Time-of-flight analysis of a continuous beam of ions by a detector array
Abstract
Systems and methods are provided for time-of-flight analysis of a continuous beam of ions by a detector array. A sample is ionized using an ion source to produce a continuous beam of ions. An electric field is applied to the continuous beam of ions using an accelerator to produce an accelerated beam of ions. A rotating magnetic and/or electric field is applied to the accelerated beam to separate ions with different mass-to-charge ratios over an area of a two-dimensional detector using a deflector located between the accelerator and the two-dimensional detector. An arrival time and a two-dimensional arrival position of each ion of the accelerated beam are recorded using the two-dimensional detector. Alternatively, an electric field that is periodic with time is applied in order to sweep the accelerated beam over a periodically repeating path on the two-dimensional rectangular detector.
Claims
exact text as granted — not AI-modifiedWhat is claimed is:
1. A time-of-flight mass (TOF) spectrometer for analyzing a continuous beam of ions that optimizes the utilization of the area of a rectangular detector, comprising:
an ion source that ionizes a sample producing a continuous beam of ions;
a mass filter that receives the continuous beam and admits ions with a desired range of mass-to-charge ratios and blocks ions outside the desired range producing a filtered beam of ions;
an accelerator that receives the filtered beam and applies an electric field to the continuous beam of ions producing an accelerated beam of ions;
a two-dimensional rectangular detector that records an arrival time and a two-dimensional arrival position of each ion in the accelerated beam; and
a deflector located between the accelerator and the two-dimensional rectangular detector that receives the accelerated beam and applies an electric field that is periodic with time to the accelerated beam in order to sweep the accelerated beam over a periodically repeating path on the two-dimensional rectangular detector,
wherein the repeat period is set to the difference in the times required for ions with the highest and lowest mass-to-charge ratios in the filtered beam to travel from the deflector to the two-dimensional rectangular detector and
wherein the path has a maximum length among all paths that satisfies the following constraint:
for any point x on the two-dimensional rectangular detector, the intersection between a circular region of diameter s centered about x and the path contains no more than one segment, where s denotes the diameter of the accelerated beam's cross section measured at the two-dimensional rectangular detector.

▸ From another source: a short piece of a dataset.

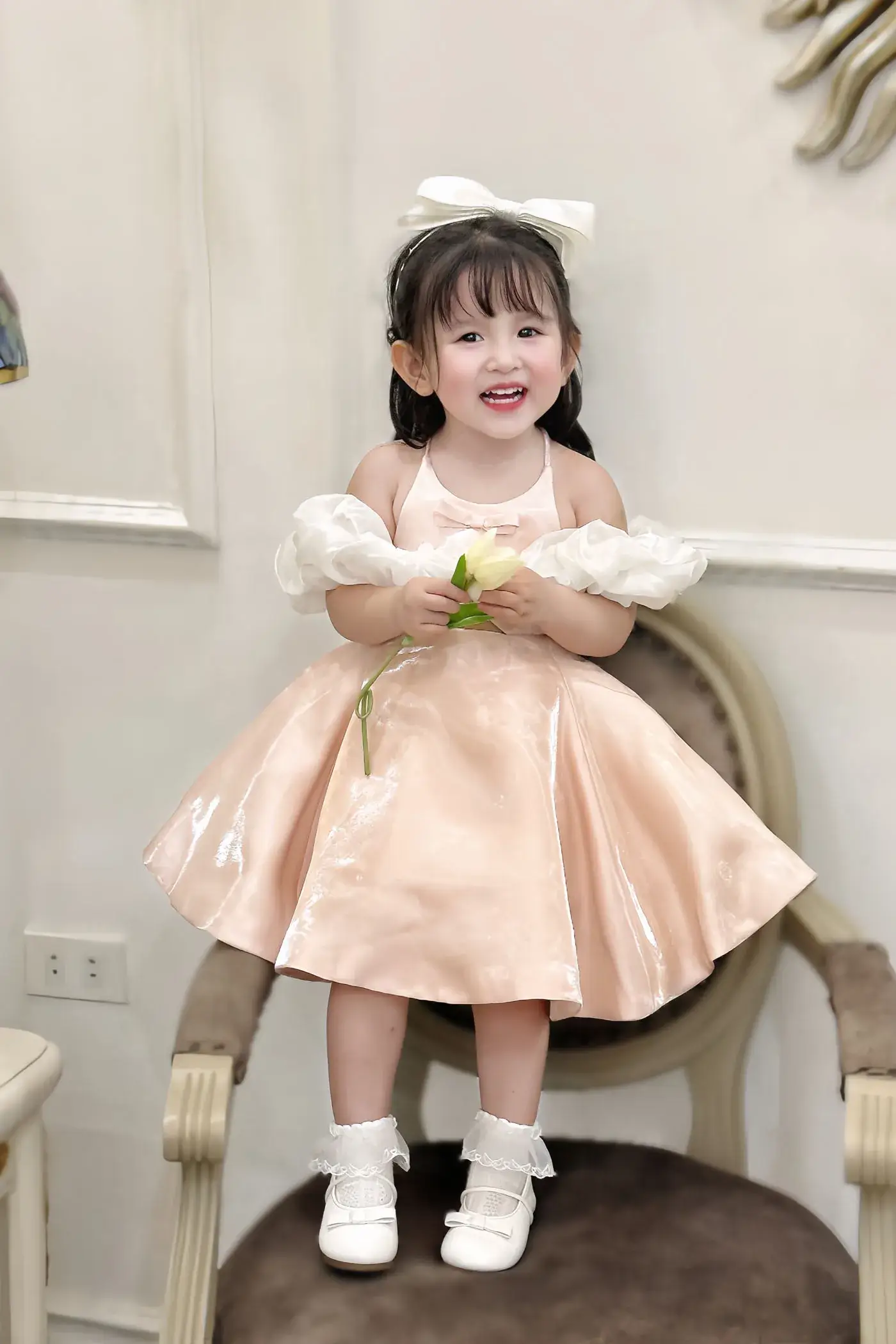 đầm phồng 4 lớp màu hồng cho bé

2. The TOF mass spectrometer of claim 1 , wherein the path comprises a raster pattern.
3. The TOF mass spectrometer of claim 1 , wherein the path comprises at least two parallel rows and each row is connected to an adjacent row by a semi-circular arc.
4. The TOF mass spectrometer of claim 1 , further comprising
a processor in communication with the accelerator, the deflector, and the two-dimensional detector that
receives an arrival time and a two-dimensional arrival position for each ion impacting the two-dimensional rectangular detector and
calculates a time-of-flight for each ion impacting the two-dimensional rectangular detector from the arrival time and the two-dimensional arrival position.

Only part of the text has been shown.